In addition to her performing arts background, Lozoff has a rich history with both social justice work and birth work. She’s a second-generation activist who’s well versed in current EDI (equity, diversity, and inclusion) practices and presently sits on the EDI committee for USITT (United States Institute for Theatre Technology). Lozoff was also a birth doula and childbirth educator for many years, during which time she produced events and moderated panels centered around informed choice and consent. Her work in the above arenas has given Lozoff a unique insight and preparation for intimacy work in performance.

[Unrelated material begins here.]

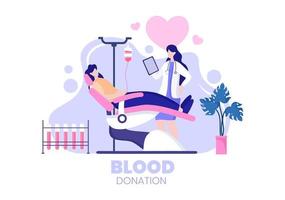 ama la carità o la donazione di sangue attraverso un team di volontari che collaborano per aiutare e raccogliere donazioni per poster o banner in illustrazione di design piatto vettore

Lozoff is currently intimacy directing and consulting for both American Ballet Theatre and RudduR Dance, intimacy coordinating in film and TV, conducting talent acquisition searches with Production on Deck, teaching the Gyrotonic Method in Los Angeles, and consulting on dance, theatre, and educational projects nationwide.
Phaedra Scott
Phaedra Michelle Scott is a writer and dramaturg based in New York City. She has recently been staffed on an upcoming television show with CBS/Showtime. Her recent playwriting credits include Good Hair (commissioned by the Alfred P. Sloan Foundation Grant & Ensemble Studio Theater, developed with Pipeline Playlab); Diaspora! (commissioned by SpeakEasy Stage, 2022 Great Plains Theater Commons); and Plantation Black (developed at SPACE on Ryder Farm). Her podcast work included PLEASURE MACHINE, developed with Colt Coer. Other plays include The Puritans (commissioned by Sparkhaven Theater Company) and Unity (commissioned by University of Massachusetts, Amherst). She is a member of Youngblood with Ensemble Studio Theater. She is a member of the Writers Guild of America.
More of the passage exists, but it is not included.